According to the Economic Survey 2025-26, India leveraged the global window of “fragile stability” to overhaul its domestic economy through key reforms, including GST rationalisation, accelerated deregulation and streamlined compliance requirements.
The Indian economy faced several external pressures in 2025, as escalating global trade uncertainty and punitive tariffs strained manufacturers and exporters while eroding business confidence across multiple sectors. However, the Survey notes that FY27 is expected to be a “year of adjustment” with firms and households adapting to the new policy landscape as domestic demand and investment gather momentum. While the medium-term global outlook remains subdued, with downside risks predominating, global growth is expected to stay modest and inflation trending downwards.
The Survey however cautions that should the AI boom fail to deliver anticipated productivity gains, it could burst inflated asset prices and lead to financial instability across markets. While protracted trade wars threaten to stifle global investment and dampen growth, the impact on India is expected to manifest as manageable external uncertainty rather than immediate macroeconomic distress. Slower growth among key trading partners, tariff-induced trade disruptions, and volatile capital flows could, however, periodically weigh on exports and investor sentiment. Moreover, ongoing trade negotiations with the US could help reduce external uncertainty if successful.
As the Survey lauds India’s robust domestic fundamentals, here are the key takeaways:
India saw one of the steepest inflation declines among major emerging markets and developing economies, with headline inflation falling by approximately 1.8 percentage points. While CPI has cooled significantly, dropping to 1.7 percent in 2025-26, fuelled by a slump in food prices specifically vegetables, pulses and spices, core inflation appeared “sticky” largely due to high gold and silver prices.
However, the Survey notes a clear “rural-urban divide” in inflation as it remains more volatile in rural areas because food makes up a larger portion of their spending. Despite this, most states have successfully brought inflation back within the Reserve Bank of India’s tolerance band.
The Survey also advocates for a pragmatic “India-first” AI strategy that prioritises domestic economic realities over the capital-intensive models favoured by advanced economies. For a labour-abundant economy like India, the primary risk of AI is the potential for labour substitution, particularly in low-value-added service segments. Uncalibrated deployment could displace workforces faster than the economy can reabsorb them.
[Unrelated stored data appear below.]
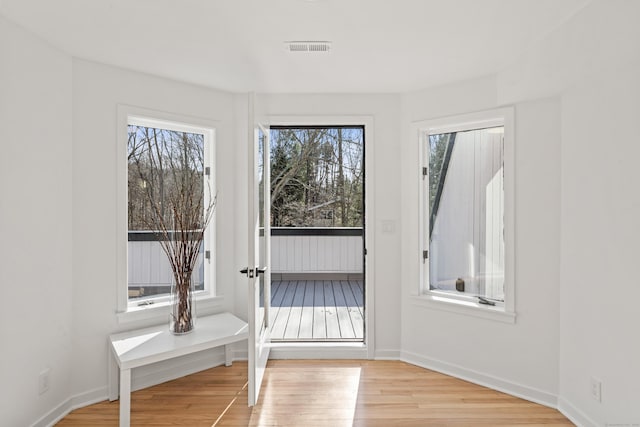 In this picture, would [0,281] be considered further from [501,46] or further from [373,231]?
[501,46]

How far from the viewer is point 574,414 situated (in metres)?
2.16

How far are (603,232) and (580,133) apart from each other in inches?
23.6

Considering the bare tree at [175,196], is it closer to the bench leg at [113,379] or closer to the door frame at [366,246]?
the bench leg at [113,379]

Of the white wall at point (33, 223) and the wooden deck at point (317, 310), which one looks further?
the wooden deck at point (317, 310)

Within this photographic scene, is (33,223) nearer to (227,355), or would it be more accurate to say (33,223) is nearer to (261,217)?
(261,217)

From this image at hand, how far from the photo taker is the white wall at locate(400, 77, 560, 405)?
91.4 inches

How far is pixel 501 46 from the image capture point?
2.15 metres

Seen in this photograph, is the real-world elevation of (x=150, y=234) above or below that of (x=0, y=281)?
Result: above

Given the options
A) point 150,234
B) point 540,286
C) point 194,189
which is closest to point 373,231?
point 540,286

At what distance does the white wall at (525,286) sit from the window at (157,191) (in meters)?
1.92

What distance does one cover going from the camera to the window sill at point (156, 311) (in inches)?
98.1

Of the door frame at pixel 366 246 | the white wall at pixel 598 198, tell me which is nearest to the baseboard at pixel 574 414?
the white wall at pixel 598 198

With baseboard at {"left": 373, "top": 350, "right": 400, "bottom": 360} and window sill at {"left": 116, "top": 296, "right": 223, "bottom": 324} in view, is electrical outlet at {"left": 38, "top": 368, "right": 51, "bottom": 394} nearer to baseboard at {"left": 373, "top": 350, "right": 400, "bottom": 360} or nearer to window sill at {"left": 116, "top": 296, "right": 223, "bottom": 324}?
window sill at {"left": 116, "top": 296, "right": 223, "bottom": 324}

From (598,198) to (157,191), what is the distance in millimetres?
2959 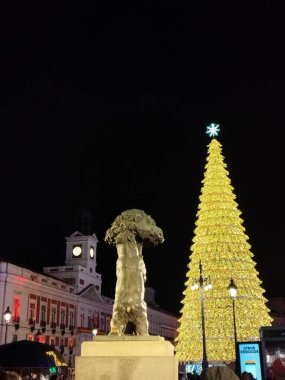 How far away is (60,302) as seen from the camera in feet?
191

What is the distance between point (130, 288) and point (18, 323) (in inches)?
1754

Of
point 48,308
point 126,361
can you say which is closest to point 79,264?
point 48,308

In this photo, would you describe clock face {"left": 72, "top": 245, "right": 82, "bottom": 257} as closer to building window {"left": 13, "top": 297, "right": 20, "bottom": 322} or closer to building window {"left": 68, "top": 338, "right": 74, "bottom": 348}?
building window {"left": 68, "top": 338, "right": 74, "bottom": 348}

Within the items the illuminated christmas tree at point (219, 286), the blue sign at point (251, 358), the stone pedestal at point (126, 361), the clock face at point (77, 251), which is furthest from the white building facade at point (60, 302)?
the stone pedestal at point (126, 361)

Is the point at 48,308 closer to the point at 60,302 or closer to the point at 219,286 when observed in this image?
the point at 60,302

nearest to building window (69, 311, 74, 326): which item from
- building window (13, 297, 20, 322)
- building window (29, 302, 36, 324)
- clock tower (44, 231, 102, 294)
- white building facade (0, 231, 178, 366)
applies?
white building facade (0, 231, 178, 366)

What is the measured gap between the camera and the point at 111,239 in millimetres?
8594

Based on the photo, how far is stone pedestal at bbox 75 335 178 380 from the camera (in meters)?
7.00

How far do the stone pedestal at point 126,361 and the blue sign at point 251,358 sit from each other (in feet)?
25.9

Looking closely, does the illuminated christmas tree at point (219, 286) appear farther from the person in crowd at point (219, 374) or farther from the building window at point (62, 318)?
the person in crowd at point (219, 374)

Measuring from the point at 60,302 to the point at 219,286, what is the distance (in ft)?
99.4

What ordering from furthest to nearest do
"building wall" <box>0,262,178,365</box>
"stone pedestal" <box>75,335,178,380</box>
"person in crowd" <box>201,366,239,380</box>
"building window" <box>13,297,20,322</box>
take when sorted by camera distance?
"building window" <box>13,297,20,322</box> → "building wall" <box>0,262,178,365</box> → "stone pedestal" <box>75,335,178,380</box> → "person in crowd" <box>201,366,239,380</box>

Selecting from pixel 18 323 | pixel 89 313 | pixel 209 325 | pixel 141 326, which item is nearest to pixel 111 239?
pixel 141 326

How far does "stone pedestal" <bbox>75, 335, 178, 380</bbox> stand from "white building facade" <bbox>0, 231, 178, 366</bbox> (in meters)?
35.5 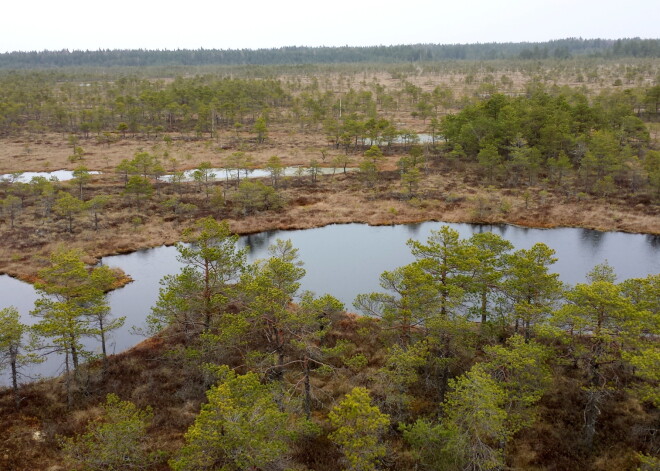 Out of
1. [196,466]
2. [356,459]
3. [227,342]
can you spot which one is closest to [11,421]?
[227,342]

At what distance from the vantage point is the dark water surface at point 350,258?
42438 millimetres

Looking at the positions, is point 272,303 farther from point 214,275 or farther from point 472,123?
point 472,123

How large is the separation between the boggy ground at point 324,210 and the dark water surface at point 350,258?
6.61 ft

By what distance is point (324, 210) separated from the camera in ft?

However, the Survey also acknowledges challenges—$3.9 billion in portfolio outflows, a $6.4 billion balance of payments deficit, and 6.5 percent rupee depreciation. It also emphasises robust fundamentals: 16.1 percent FDI growth, forex reserves covering 11 months of imports, and new trade agreements with the UK, Oman and New Zealand demonstrating diversification efforts that position India to weather global headwinds.
The Survey says that reforms like GST 2.0 and personal income tax simplification aim to broaden the tax base and slash compliance costs. Supported by advanced digital administration, these measures will enhance transparency, improve expenditure efficiency and ensure a steady glide path toward debt reduction and long-term macroeconomic stability.
However, the Survey also warns of a growing “fiscal trade-off” at the state level. The rapid expansion of unconditional cash transfers risks creating “expenditure rigidity”, potentially crowding out essential investments in human capital and infrastructure. This could also impact sovereign borrowing costs.